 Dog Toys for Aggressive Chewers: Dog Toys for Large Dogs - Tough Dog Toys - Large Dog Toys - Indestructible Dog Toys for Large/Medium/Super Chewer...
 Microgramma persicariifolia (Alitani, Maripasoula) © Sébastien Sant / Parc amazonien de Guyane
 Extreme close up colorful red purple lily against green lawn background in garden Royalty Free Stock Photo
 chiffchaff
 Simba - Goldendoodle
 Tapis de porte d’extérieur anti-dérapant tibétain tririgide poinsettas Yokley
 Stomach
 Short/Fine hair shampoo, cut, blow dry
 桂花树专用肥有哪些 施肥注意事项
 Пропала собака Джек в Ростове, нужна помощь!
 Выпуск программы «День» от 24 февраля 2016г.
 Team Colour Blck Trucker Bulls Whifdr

▬▬▬▬▬▬▬▬▬▬

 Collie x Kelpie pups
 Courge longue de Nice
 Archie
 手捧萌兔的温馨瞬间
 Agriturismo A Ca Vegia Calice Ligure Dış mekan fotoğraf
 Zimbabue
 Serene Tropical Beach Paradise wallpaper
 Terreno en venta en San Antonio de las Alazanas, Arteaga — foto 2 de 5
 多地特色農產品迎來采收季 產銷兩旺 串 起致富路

▬▬▬▬▬▬▬▬▬▬

[Description of the task] For this task, write out exactly the lines of the entries above, starting at the line with "Agriturismo A Ca" and ending at the line with "多地特色農產品迎來采收季 產銷兩旺 串 起致富路", both included, and no others.

[Written answer]
 Agriturismo A Ca Vegia Calice Ligure Dış mekan fotoğraf
 Zimbabue
 Serene Tropical Beach Paradise wallpaper
 Terreno en venta en San Antonio de las Alazanas, Arteaga — foto 2 de 5
 多地特色農產品迎來采收季 產銷兩旺 串 起致富路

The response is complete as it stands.